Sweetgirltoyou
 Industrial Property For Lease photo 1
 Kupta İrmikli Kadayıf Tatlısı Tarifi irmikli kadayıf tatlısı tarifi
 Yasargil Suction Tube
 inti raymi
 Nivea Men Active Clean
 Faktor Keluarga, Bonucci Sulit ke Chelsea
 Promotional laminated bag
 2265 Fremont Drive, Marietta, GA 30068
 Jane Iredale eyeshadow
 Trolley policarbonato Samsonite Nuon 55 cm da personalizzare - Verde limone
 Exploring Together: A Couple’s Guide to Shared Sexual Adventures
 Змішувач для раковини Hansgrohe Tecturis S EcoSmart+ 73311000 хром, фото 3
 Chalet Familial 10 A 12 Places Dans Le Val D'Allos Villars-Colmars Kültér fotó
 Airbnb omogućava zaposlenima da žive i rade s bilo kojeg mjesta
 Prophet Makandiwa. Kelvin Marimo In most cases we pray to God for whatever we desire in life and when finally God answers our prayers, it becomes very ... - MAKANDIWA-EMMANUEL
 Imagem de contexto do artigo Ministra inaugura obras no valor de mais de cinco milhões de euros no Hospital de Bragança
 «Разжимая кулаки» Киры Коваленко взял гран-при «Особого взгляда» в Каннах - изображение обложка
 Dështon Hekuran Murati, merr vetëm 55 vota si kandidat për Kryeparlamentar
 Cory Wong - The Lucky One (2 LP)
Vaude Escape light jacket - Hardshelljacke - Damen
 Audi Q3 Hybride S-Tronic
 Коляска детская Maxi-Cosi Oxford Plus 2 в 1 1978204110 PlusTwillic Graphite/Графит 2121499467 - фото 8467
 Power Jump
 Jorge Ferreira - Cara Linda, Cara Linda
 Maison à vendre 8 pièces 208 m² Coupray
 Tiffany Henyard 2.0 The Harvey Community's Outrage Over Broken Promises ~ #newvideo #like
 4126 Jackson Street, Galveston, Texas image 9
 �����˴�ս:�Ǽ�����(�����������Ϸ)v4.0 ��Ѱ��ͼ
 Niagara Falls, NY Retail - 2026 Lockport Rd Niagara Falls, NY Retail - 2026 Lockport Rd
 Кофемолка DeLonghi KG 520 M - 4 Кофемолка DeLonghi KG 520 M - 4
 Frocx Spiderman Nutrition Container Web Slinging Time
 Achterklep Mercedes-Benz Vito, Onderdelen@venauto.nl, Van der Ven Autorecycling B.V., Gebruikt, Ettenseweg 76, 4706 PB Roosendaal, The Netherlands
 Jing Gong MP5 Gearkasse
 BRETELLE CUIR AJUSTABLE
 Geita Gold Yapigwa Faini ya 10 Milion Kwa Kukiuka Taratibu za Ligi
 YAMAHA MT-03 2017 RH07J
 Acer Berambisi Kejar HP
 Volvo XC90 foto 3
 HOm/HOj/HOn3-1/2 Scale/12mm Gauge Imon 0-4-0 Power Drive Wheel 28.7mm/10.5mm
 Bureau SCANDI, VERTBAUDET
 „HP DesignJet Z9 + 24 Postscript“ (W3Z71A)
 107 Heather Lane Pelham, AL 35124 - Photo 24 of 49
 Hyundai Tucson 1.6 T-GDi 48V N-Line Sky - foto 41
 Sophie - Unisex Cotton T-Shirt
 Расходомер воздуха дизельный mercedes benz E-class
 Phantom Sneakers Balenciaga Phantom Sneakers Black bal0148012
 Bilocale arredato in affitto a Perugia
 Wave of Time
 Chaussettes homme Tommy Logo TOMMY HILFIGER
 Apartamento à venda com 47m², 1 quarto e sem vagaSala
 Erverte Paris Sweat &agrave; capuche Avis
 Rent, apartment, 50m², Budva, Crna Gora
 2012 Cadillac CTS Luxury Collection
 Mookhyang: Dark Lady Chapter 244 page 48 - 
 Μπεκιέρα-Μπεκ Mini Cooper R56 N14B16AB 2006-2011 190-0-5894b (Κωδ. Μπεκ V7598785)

☆ ☆ ☆ ☆

- [THE TASK] Report each line of the entries where the word "foto" occurs.

- [THE ANSWER]
 Volvo XC90 foto 3
 Hyundai Tucson 1.6 T-GDi 48V N-Line Sky - foto 41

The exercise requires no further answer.